Dalam banyak kasus, kecerdasan buatan diyakini memiliki dampak negatif yang memudahkan penipuan siber. Namun, di sisi lain, AI juga dianggap sebagai solusi untuk memberantas penipuan online.
Sundar Pichai, CEO Google, menyatakan bahwa kemajuan pesat dalam bidang AI dapat membantu memperkuat pertahanan terhadap ancaman keamanan di dunia maya. Pichai melontarkan pandangannya ini kepada para delegasi di Konferensi Keamanan Munich, dengan mengutip bahwa meskipun ada kekhawatiran terhadap dampak AI terhadap keamanan siber, pada akhirnya AI dapat memperkuat pertahanan kita.

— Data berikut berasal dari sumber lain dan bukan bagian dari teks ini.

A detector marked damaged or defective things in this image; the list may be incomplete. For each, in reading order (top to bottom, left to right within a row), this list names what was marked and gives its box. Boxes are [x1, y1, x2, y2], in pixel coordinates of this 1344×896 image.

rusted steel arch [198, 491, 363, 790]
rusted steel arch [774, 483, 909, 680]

Ancaman keamanan siber semakin meningkat baik dari segi volume maupun kecanggihannya seiring dengan semakin banyaknya pelaku kejahatan yang menggunakan teknologi untuk memeras korban. Laporan dari Cybersecurity Ventures menunjukkan bahwa serangan siber merugikan perekonomian global hingga US$8 triliun pada tahun 2023, dan diperkirakan akan meningkat menjadi US$10,5 triliun pada tahun 2025.

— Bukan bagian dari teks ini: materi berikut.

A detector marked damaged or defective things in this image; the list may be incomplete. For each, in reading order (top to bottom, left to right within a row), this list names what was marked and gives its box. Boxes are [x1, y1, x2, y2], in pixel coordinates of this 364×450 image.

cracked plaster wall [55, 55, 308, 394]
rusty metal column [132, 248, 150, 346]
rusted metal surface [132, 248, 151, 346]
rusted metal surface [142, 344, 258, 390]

Namun, laporan dari Pusat Keamanan Siber Nasional Inggris mengemukakan pandangan yang berbeda, menyatakan bahwa AI akan meningkatkan ancaman siber dengan menurunkan hambatan masuk bagi peretas dan memungkinkan lebih banyak aktivitas siber berbahaya, termasuk serangan ransomware.
Google baru-baru ini mengumumkan inisiatif baru yang menawarkan alat AI dan investasi infrastruktur untuk meningkatkan keamanan online. Salah satu inisiatif tersebut adalah Magika, alat sumber terbuka gratis yang bertujuan untuk membantu pengguna mendeteksi malware. Alat ini telah diimplementasikan dalam produk Google seperti Google Chrome dan Gmail, serta sistem internal perusahaan.

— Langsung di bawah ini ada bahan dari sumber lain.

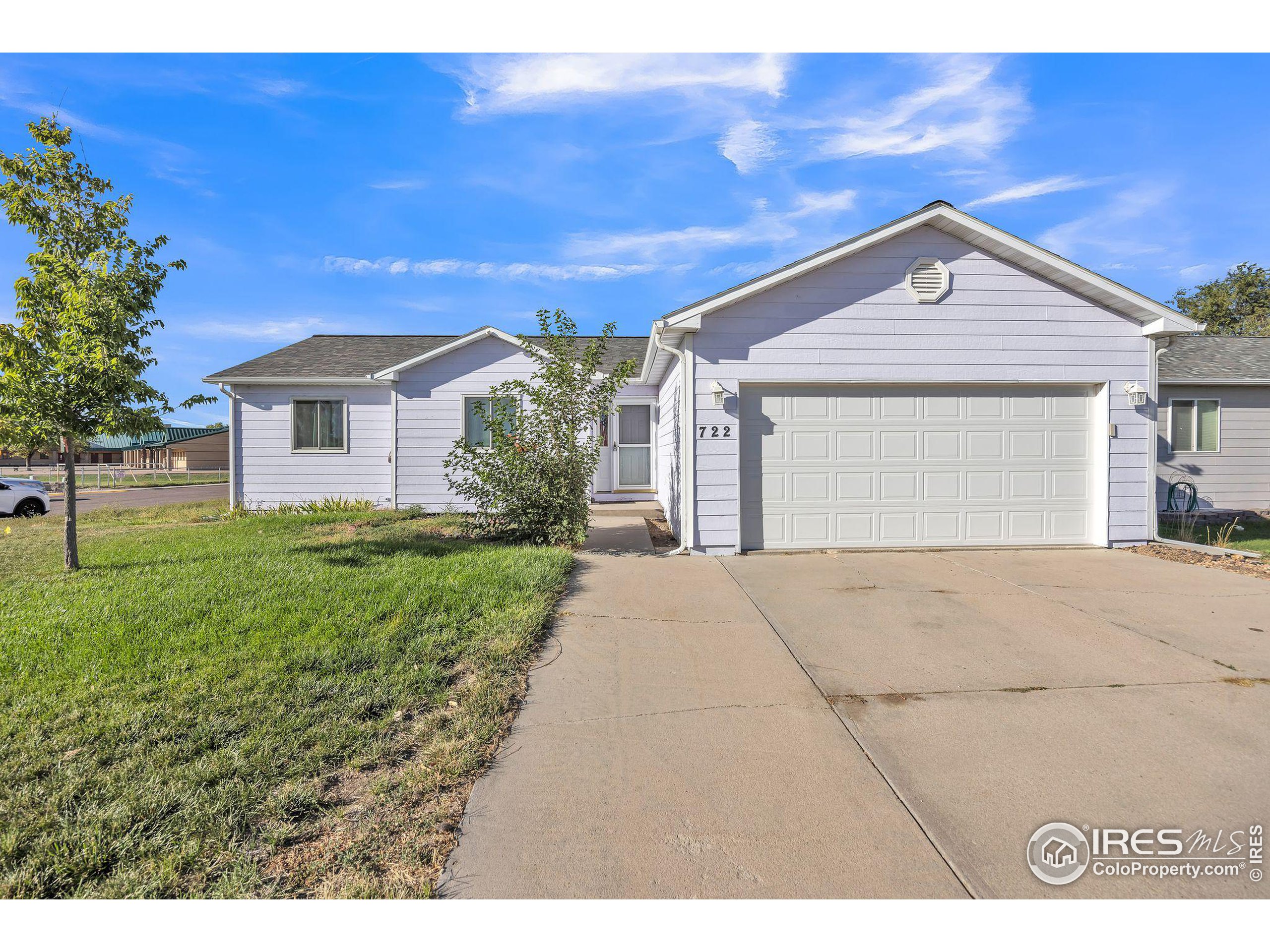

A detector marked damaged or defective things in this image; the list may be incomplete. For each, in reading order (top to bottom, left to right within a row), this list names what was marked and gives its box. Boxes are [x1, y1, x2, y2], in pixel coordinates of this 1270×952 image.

Dengan perkembangan ini, tampaknya AI memiliki peran yang beragam dalam keamanan siber. Meskipun AI bisa menjadi senjata ganda, dapat digunakan baik untuk melindungi maupun menyerang, upaya terus dilakukan untuk memanfaatkannya secara positif dalam memerangi penipuan online dan ancaman keamanan siber secara umum. Kolaborasi antara lembaga keamanan, perusahaan teknologi, dan pemerintah sangat penting untuk mengembangkan pendekatan yang efektif dalam menghadapi tantangan ini.